The RMSR and RMSE of elevation applied to the corrected areas emphasize locally the enhancement. For instance, in the area of the hill (Figure 7a, 7b, 7c and 7d) the RMSE of the original DTM is 0.067 and becomes 0.012 in the reconstructed form. These results and the illustrations reported in Figure 7 show the enhancement behavior. Triangular facets disappear and portions of the drainage network extracted by means of a TLALOC software (Parrot, 2006) function and reported on the DTM aspect demonstrate the process accuracy. In the case of meanders, these values are 0.101 for the original landform and 0.034 in the case of corrected shape. All these values are reported in Table 1.
The small decrease reported in this table has to be related to the corrected artifact areas that represent only 5.05% of the DTM (1.66% for meanders and hills, 3.39% for the river surface). As clearly shown by the modifications registered at the level of the river surface (Figure 8 and 9), the RMSR and RMSE decrease is not related to local smoothing but to the selected elimination of artifacts.
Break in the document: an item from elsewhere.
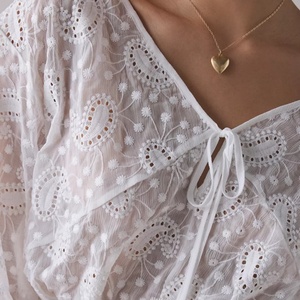 Nouvelle Blouse Femme Tendance Sexy à Col en V Décontractée Ample en Dentelle à Œillets Coupe Courte Style Prairie - Product Image 2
Depending on the type of topography, the grid density and the interpolation techniques (Aguilar et al., 2005), different portions of the DEM may have a distinct accuracy. In relation to the increase in slope (Felicísimo, 1995), geometric artifacts occur in mountainous areas. The stronger the relief, the greater the difference (Carlisle, 2005; Fisher and Tate, 2006; Cárdenas et al., 2013).
ConclusionIn this paper, we have presented approaches that allow detection and elimination of artifacts and reconstruction of the shapes in order to obtain a surface representation closer to the original terrain.
The use of Digital Elevation Models requires great accuracy, especially when extracting morphometric variables from the DEM surface or when doing different types of simulation such as flooding (Ramírez and Parrot, 2015). There is a need not only for good accuracy but also for a document that does not contain artifacts or biases that diminish the quality of the treatment and distort the representation of the Earth's surface. For these reasons, specific treatments are essential for improved DEMs.
We thank the reviewers for their constructive critiques, remarks and suggestions which led to improvement of this article. Special thanks to Ann Grant for detailed and complete revision of the English manuscript.